Buzzwords in the publicity, public relations, marketing and advertising industries seem to pop into our vocabularies and change by the day.
Within the last two years, those of us that work to get messages heard glommed onto what many of our pitches already were: stories. A short time after that word simplified our lives and job descriptions, it seemed like “storytelling” had to morph into something more corporate sounding for whitepapers, so as a result, I have Twitter lists not just for “storytelling,” but “content marketing” and “content creation.”

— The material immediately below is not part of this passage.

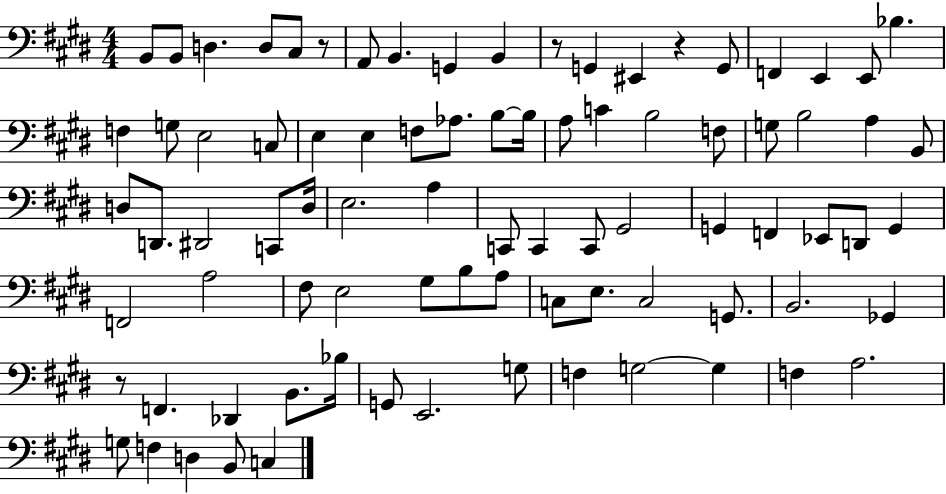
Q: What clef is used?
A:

The original sports storyteller
In case you wondered, these are not new ways to market, especially in sports. I’ve long said that a televised sport is the ONLY reality TV show. The storytelling part, however, was seemingly created by NFL Films’ founder, Ed Sabol, who passed away Monday at the age of 98. He and his son Steve took football games and made them on-screen masterpiece thrillers. Professional football, which was played by guys in pads and their faces covered with helmets became human because the Sabols boldly adorned them with microphones and showed us otherwise forgotten cutaways of them talking to teammates, coaches and opponents. They showed players sweaty and muddy, sometimes bloody. Their NFL Films also communicated coaches’ intense demeanors during tight games and shared their levity when celebratory coolers of Gatorade were dumped on them in victory. It didn’t hurt that those early productions were narrated by a second-to-none voice of John Facenda who certainly captured the dramatic atmosphere that Ed Sabol set out to create.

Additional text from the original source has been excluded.